#### Data to process

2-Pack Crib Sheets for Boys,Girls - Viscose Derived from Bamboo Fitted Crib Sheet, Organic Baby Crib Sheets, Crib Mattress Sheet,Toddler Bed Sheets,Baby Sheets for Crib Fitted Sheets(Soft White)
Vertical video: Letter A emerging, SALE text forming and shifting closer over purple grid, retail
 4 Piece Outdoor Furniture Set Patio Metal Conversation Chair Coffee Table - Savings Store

########
#### Data to process

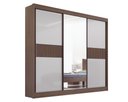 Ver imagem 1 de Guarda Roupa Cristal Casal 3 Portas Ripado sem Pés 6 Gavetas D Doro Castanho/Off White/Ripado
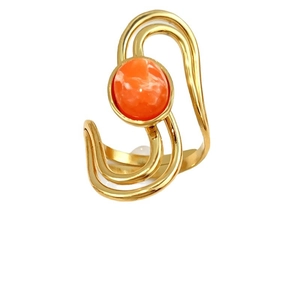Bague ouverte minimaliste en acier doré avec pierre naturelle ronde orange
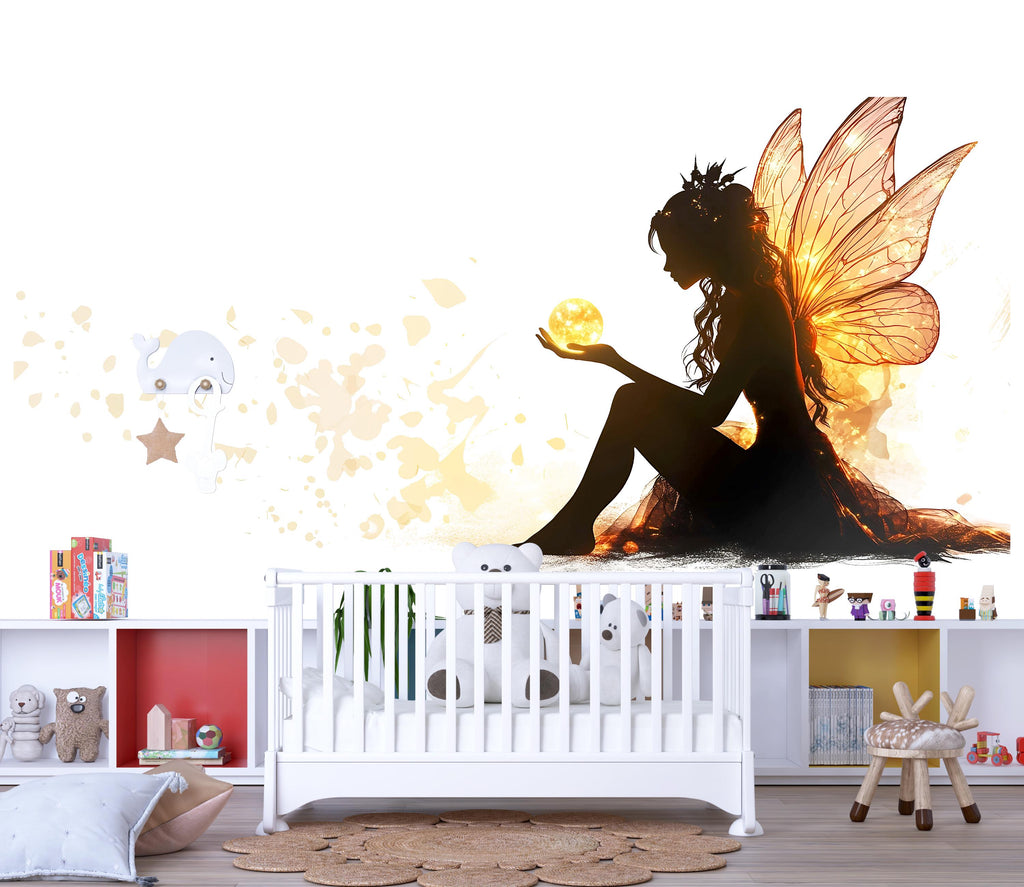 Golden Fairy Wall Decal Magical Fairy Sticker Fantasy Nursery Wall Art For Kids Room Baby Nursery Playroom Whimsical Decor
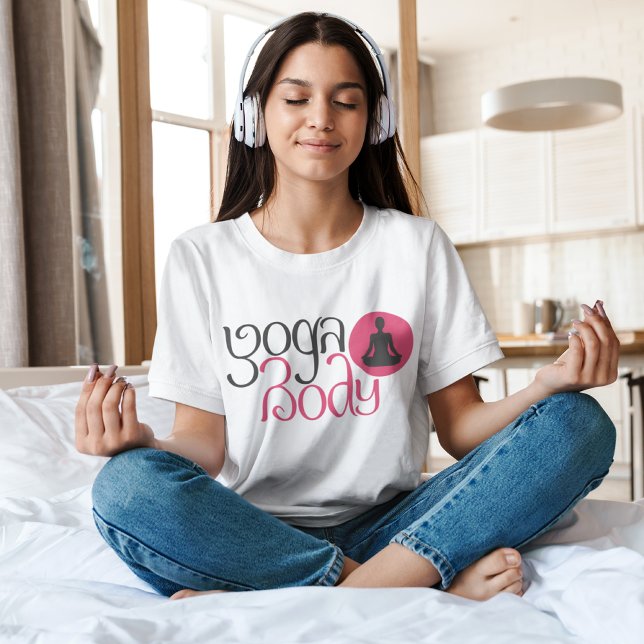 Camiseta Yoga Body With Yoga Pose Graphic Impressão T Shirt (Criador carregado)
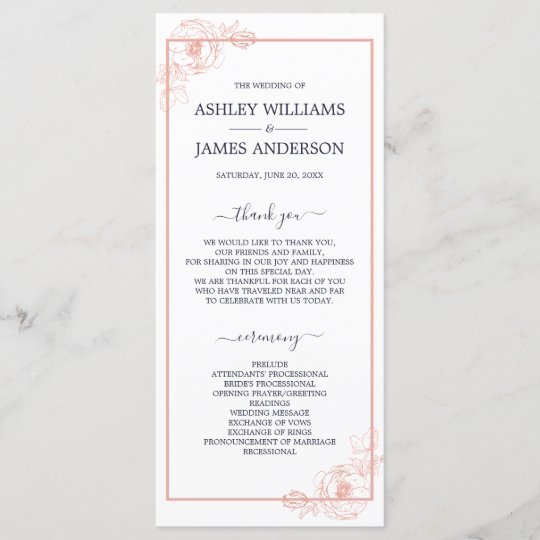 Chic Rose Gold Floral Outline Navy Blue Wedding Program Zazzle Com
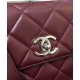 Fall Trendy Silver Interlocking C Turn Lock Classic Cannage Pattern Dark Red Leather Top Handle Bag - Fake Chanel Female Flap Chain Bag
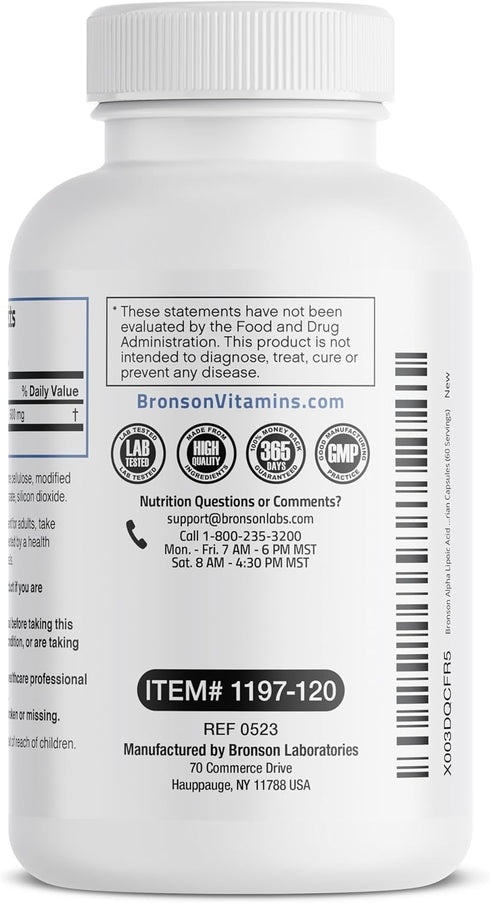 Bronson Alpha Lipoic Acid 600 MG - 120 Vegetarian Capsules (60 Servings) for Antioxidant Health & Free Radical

########
#### Data to process

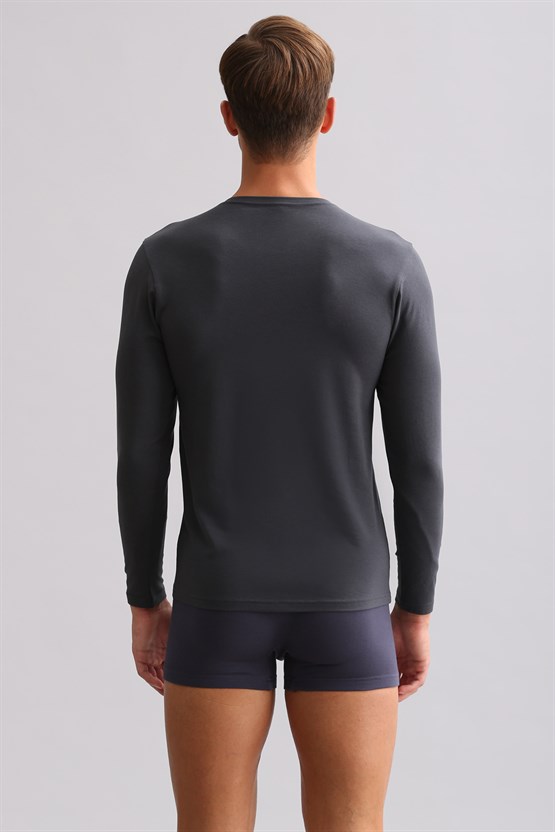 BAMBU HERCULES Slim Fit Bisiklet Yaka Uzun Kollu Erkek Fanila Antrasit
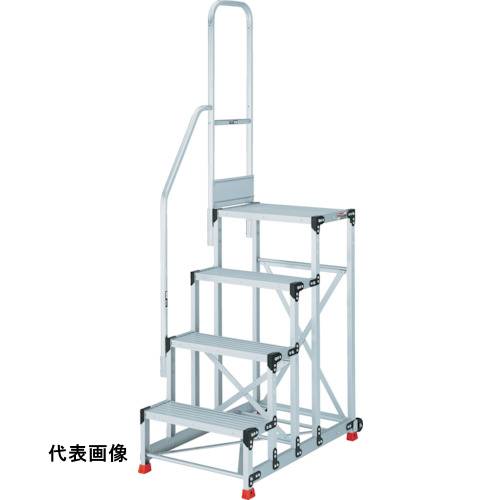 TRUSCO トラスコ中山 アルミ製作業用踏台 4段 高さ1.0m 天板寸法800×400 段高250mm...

########

**Prompt:**
One stretch of the lines above is wanted, from the line that contains "2-Pack Crib Sheets" through the line that contains "4 Piece Outdoor". Output it exactly.

**Reply to the task:**
2-Pack Crib Sheets for Boys,Girls - Viscose Derived from Bamboo Fitted Crib Sheet, Organic Baby Crib Sheets, Crib Mattress Sheet,Toddler Bed Sheets,Baby Sheets for Crib Fitted Sheets(Soft White)
Vertical video: Letter A emerging, SALE text forming and shifting closer over purple grid, retail
 4 Piece Outdoor Furniture Set Patio Metal Conversation Chair Coffee Table - Savings Store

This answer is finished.